Ah, that makes sense. It looks like this was deprecated in v1.10.0 of the NVIDIA Container Toolkit (https://github.com/NVIDIA/nvidia-container-toolkit/issues/90#issuecomment-1673183086), so as you say, that wouldn't be what you're hitting.

Odd behavior in binding nv libraries After some more digging, I found that while the script says: Could not find any nv files on this host!, all of the libraries from nvidia-container-cli list --binaries --libraries are bound in the /.singularity.d/libs/ directory, which seems odd. The log from the execution with -v and -d flags here. Line 17 shows the could not find message, and lines 136-149 show that the libraries are added and later mounted. The pytorch inside the singularity still does not support CUDA, but that is probably a problem on our side, as we were using the wrong wheel and were unable to fix that.

Taking a quick scan through the code of that version of Singularity, it looks like that warning is specifically when no bins or ipcs are found:

https://github.com/sylabs/singularity/blob/673570ce999bd3f84458247fcd0698528877cdcd/cmd/internal/cli/actions_linux.go#L347-L351

The libraries are handled separately:

https://github.com/sylabs/singularity/blob/673570ce999bd3f84458247fcd0698528877cdcd/cmd/internal/cli/actions_linux.go#L364-L369

So that looks like it's functioning as expected based on the output you shared from nvidia-container-cli list --binaries --libraries.

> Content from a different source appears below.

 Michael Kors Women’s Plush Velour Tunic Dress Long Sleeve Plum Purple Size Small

tri-adam avatar Apr 09 '24 18:04 tri-adam

Newer versions of SingularityCE don't use nvidia-container-cli to find the library list when only the --nv flag is specified. We only call nvidia-container-cli if --nvccli is also specified, in which case it performs container setup, and SingularityCE is not performing the bindings itself.

If you use a current version of SingularityCE, run with --nv only, and are able to provide a complete list of required libraries in the etc/nvliblist.conf file then it's likely that the binding will work as expected.

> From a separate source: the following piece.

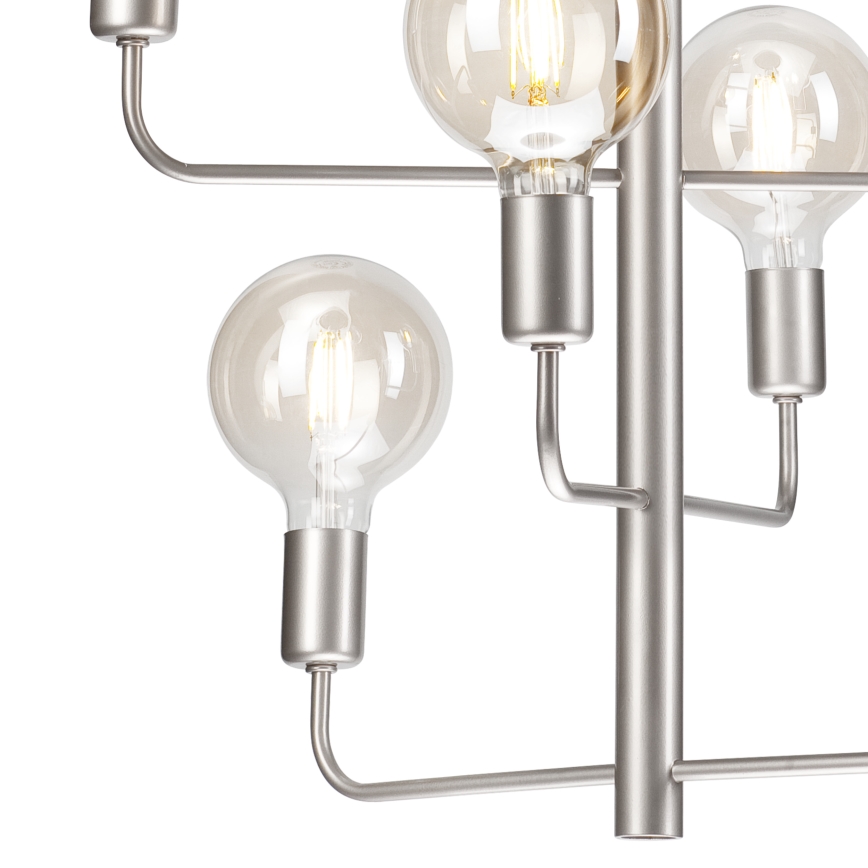 Luster na lancu ORLANDO 8xE27/60W/230V, srebrne boje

Given the deprecation of nvidia-container-cli for Tegra based systems we aren't going to be able to handle library binding via nvidia-container-cli. The future of GPU support on Jetson revolves around CDI, which we support in our --oci mode.

Jetson support for native mode (without --oci) would depend on https://github.com/sylabs/singularity/issues/1395 - so it'd be appropriate to add a comment there if it's important to you.

See also:

  • https://github.com/NVIDIA/nvidia-container-toolkit/issues/90#issuecomment-1673183086
  • https://github.com/sylabs/singularity/issues/1850

dtrudg avatar Jun 14 '24 09:06 dtrudg